One Middle East Certainty: The Blood Keeps Flowing
Here in America summer is well on its way as most colleges have already finished their spring terms, public schools will in less than a month and the beaches start to fill up. People will complain about the high price of gas and brace themselves for an onslaught of political advertising in which billions that might have helped the poor abroad will be wasted on the media madness we foolishly think is democracy at its best. Forget the dream of one man/woman, one vote in a system where corporations and billionaires see if they can buy elections.
In Egypt the first round of voting is over and what a choice: the Brotherhood candidate or the old regime hack. Damn those Brits for not letting Saad Zaghlul take Egypt into the 20th century. Imagine if the map drawn up after World War I on that infamous Churchillian napkin had actually given autonomy to the various ethnic groups, including the Kurds, in the region instead of mandating the old Ottoman precincts. The protests that erupted over a year ago just about everywhere have a long fuse. Yes, the last dictators have fallen in Tunisia, Libya, Egypt and Yemen. But the future in all these countries is full of potholes that the IMF will not be able to pave over; nor will Saudi billions make life better for the millions of people suffering economic hardship more than ever.
And the blood keeps spilling, a flood only matched by the tears of those who mourn the dead. Some 90 murdered by Syrian military shelling in Houla, including at least 32 children. A brutal act, say the UN observers, who seem able only to observe the daily onslaught of bloodshed. But Asad clings to power. Over 100 killed in Sanaa last Monday by a suicide bomber and more suicide bomb deaths in Hazm, the Houthi haven in the north, while the battle between Yemeni military and Ansar al-Shariah flares in the south. And Israeli settlers have shot several Palestinians on the West Bank. And I have not mentioned the unrest in Sudan and Somalia.
How much more blood needs to be spilled? Drones will not stop the carnage; neither will the old method of sending in the troops. The American experience in Iraq and Afghanistan suggests that toppling distasteful regimes does not necessarily go to plan. No roses for our troops in Baghdad and no love for the obvious foreigners in Kabul. Nor is Libya stable simply because Qaddafi has been removed.

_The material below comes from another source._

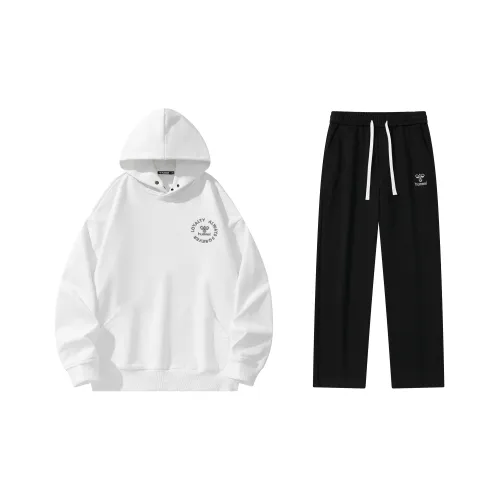 Hummel Унисекс Повседневная спортивная одежда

If you don’t think history repeats itself, then reflect on the upcoming anniversary of August 23 of an event that began in France exactly 440 years ago. It is known as the Saint Bartholomew’s Day Massacre, an unholy brutality pitting Christian against Christian. In a few weeks between 5,000 and 30,000 died. And this was in the days of hand-to-hand combat with no drones or suicide vests. The fighting in Europe continued apace, so is it any wonder that such killing still occurs in the ugly political rhetoric that hinges on religious sentiment? I do not expect there to be another massacre like the one in Paris in the upcoming days in Cairo, although the ongoing tyranny in Syria is keeping pace with the death count of that awful event four centuries ago.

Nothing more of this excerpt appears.